Артосов увидел перед собой Таню в изящном чёрном платье, без лишних украшений, только тонкая золотая брошь с изумрудиками, приколотая над левой грудью. Рядом с ней стоял человек, явно старше Артосова, но цвет лица у него при этом был почти младенческий, в отличие от неухоженного лица поэта. Весь он, этот с виду добродушный человек, был словно отлакированный. Если поднести микроскоп, то на нём не увидишь ни единой пылинки, ни микроба, ни даже микробовых икринок. Улыбка белоснежных зубов человека выражала полное его процветание. А Артосов уже десять лет не был у дантиста и имел дупла аж в четырех зубах.
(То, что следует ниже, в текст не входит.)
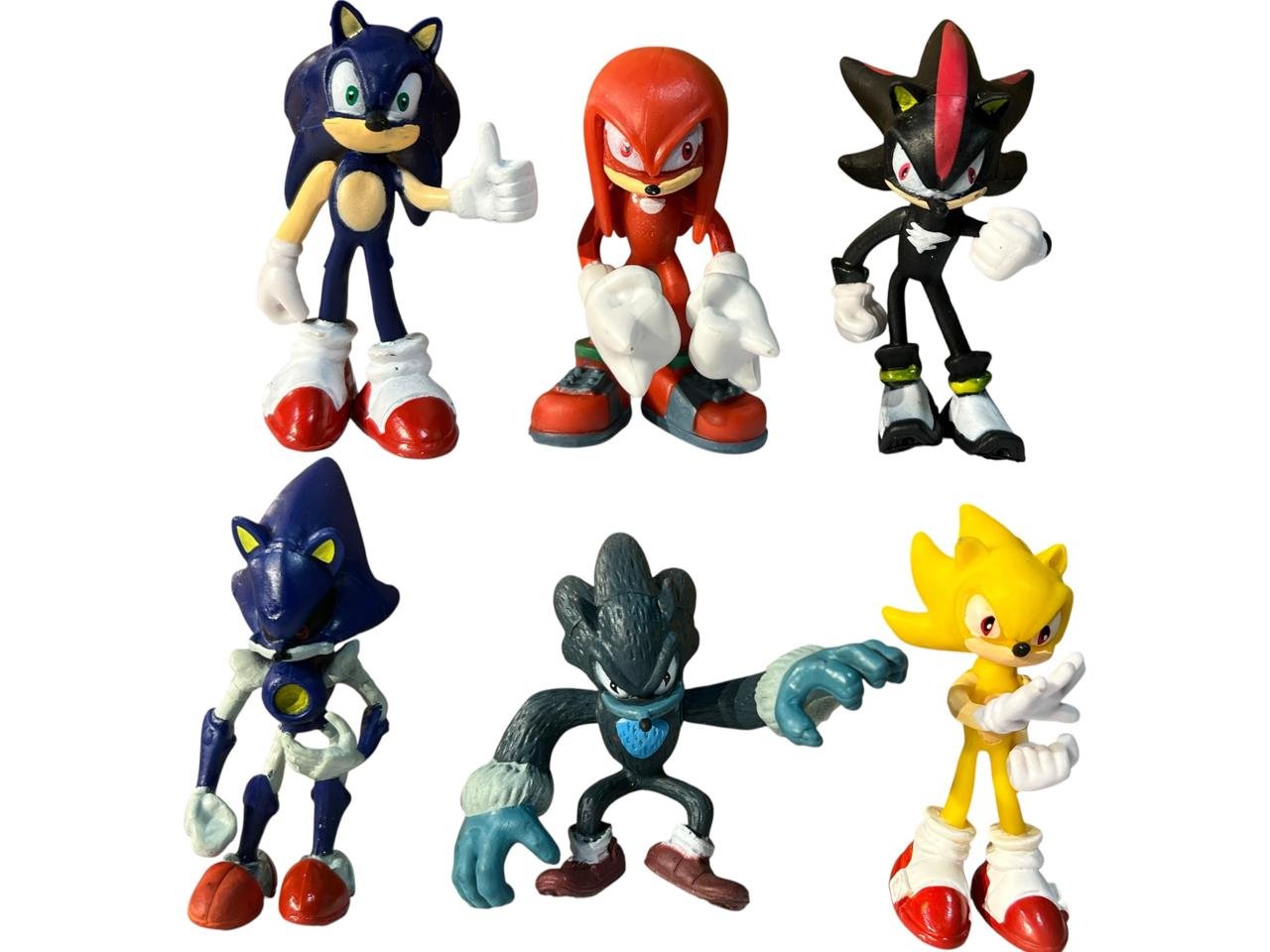 Figuras X 6 Sonic 7 Y 4 Cm Caja Negra 1.0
— А это Дмитрий Алексеевич, про которого я столь же много рассказывала Валерию.

— Я бы даже сказал, излишне много, — сказал Артосов, пожимая холёную руку. — Вы знаете, ваша жена настоящая зануда. Начинаешь за ней ухлёстывать, а она только и знает: «Мой Димочка, мой Димончик, мой Дмитрий Алексеевич!» Поверите ли, от вашего незримого присутствия на Цейлоне прокисали самые сладчайшие плоды.

— Очень приятно, — официозно ответил на эту игривую тираду муж Тани. — Надеюсь, вам здесь не скучно?

— Скучно, — сказал Артосов. — До сих пор моим единственным собеседником был господин кальвадос.

— Господин… А, в смысле…

— В смысле. Не желаете выпить со мной кальвадосу?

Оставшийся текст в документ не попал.